EXERCISE OBJECTIVE: Write down exactly what lies from the line containing "swatch_Black Leather halmanera" to the end of the records, inclusive, and omit the pictures.

Items listed in a dataset:
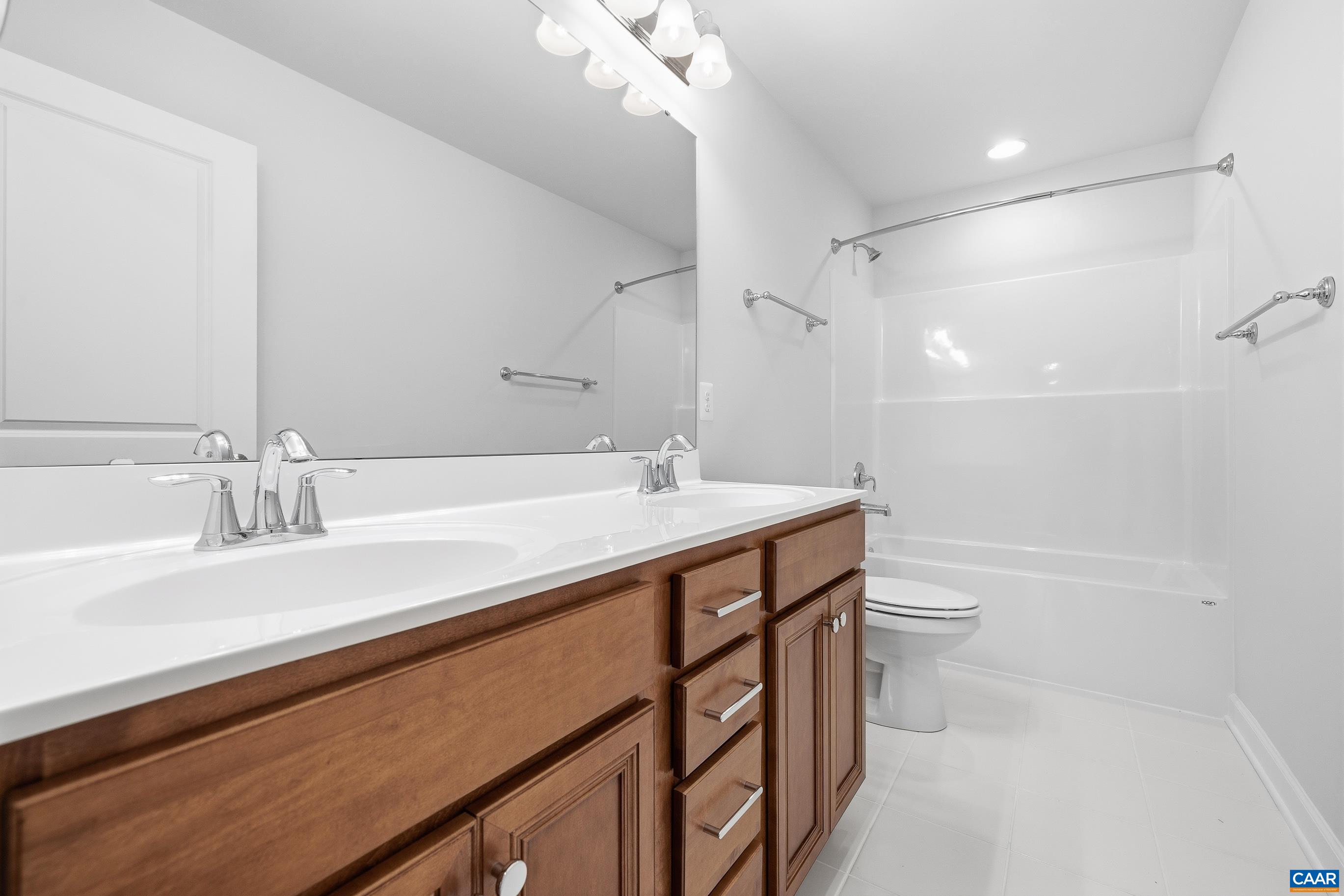 1439 ORCHARD DR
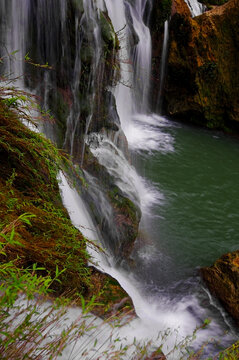 山水风景流水水源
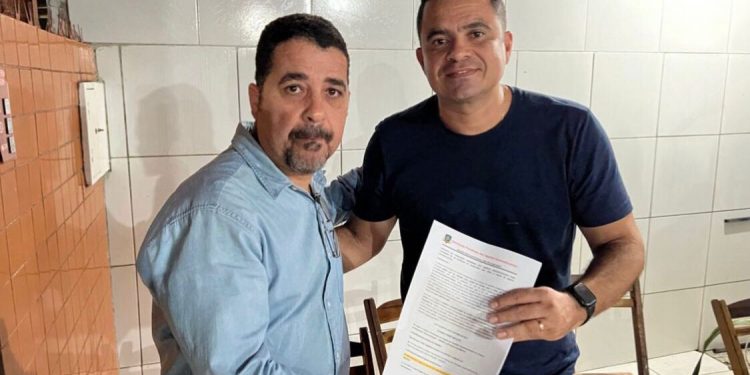 Em Bayeux, Pedrito se reúne com representantes dos agentes socioeducativos e reafirma compromisso com a categoria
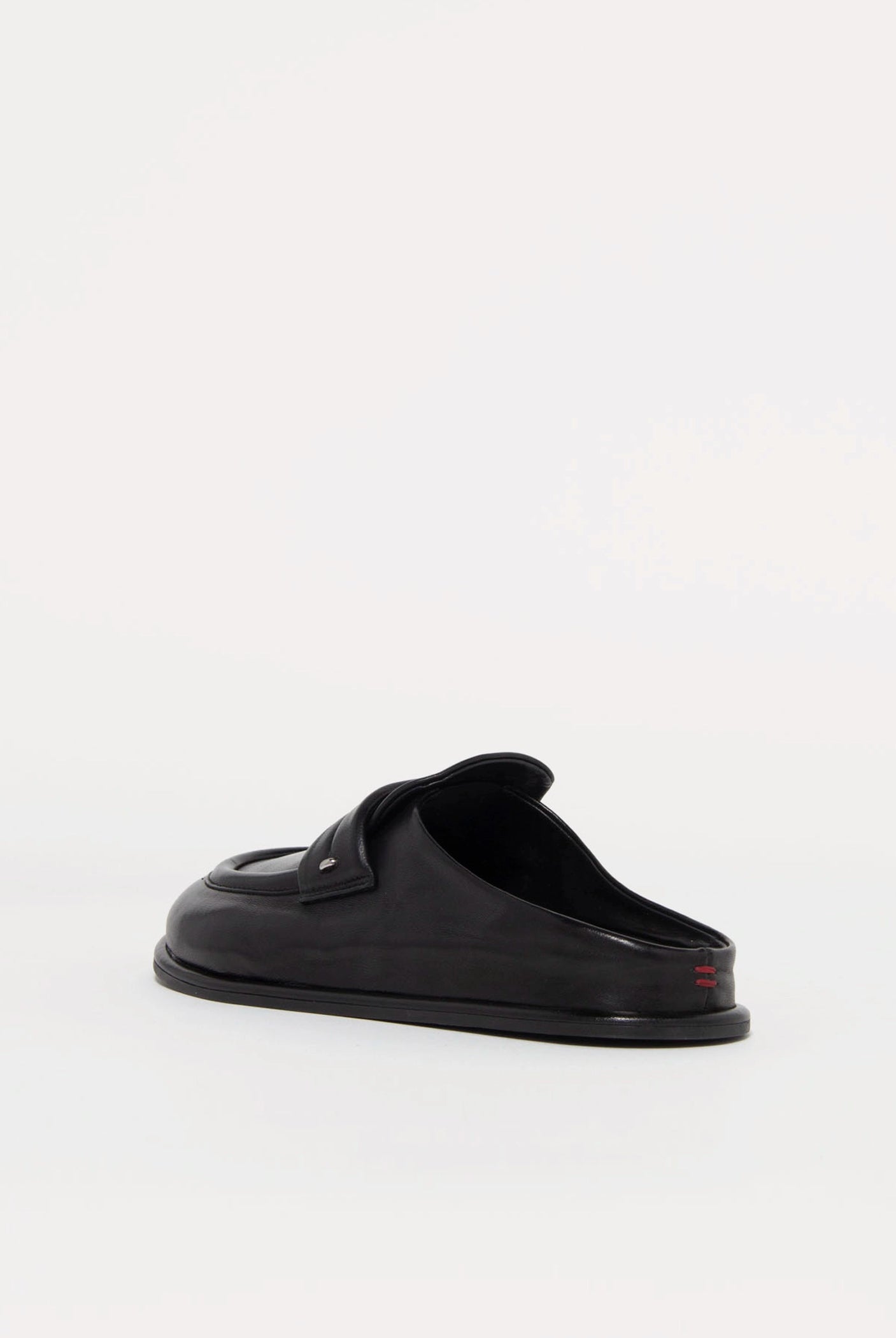 swatch_Black Leather halmanera ivet mule clog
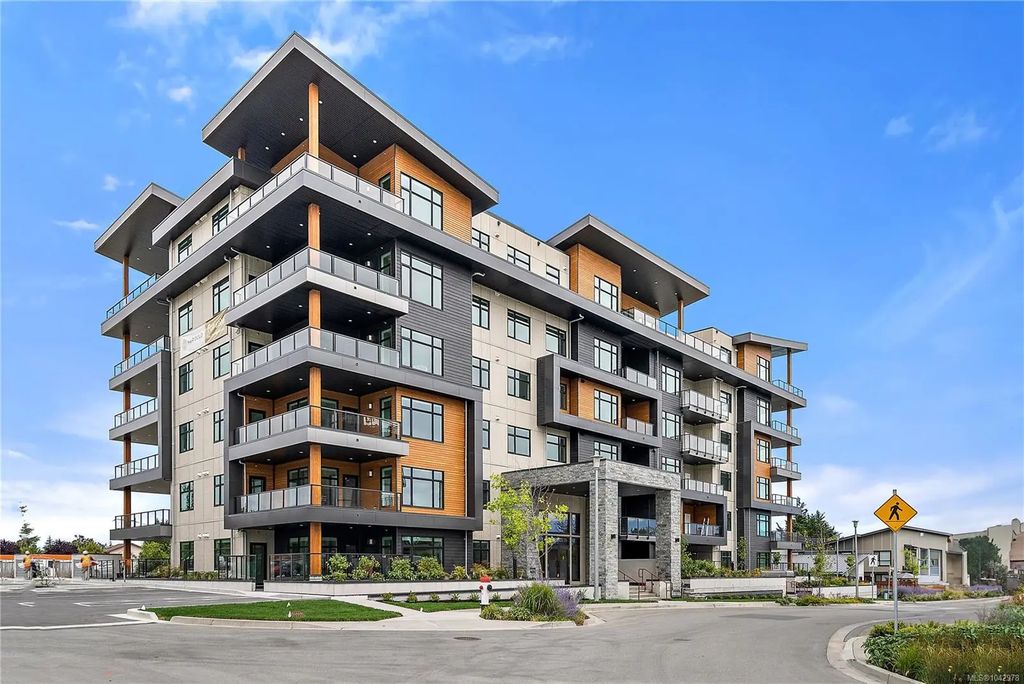 2520 Hackett Cres 403, Central Saanich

SOLUTION FOR THIS EXERCISE:
 swatch_Black Leather halmanera ivet mule clog
 2520 Hackett Cres 403, Central Saanich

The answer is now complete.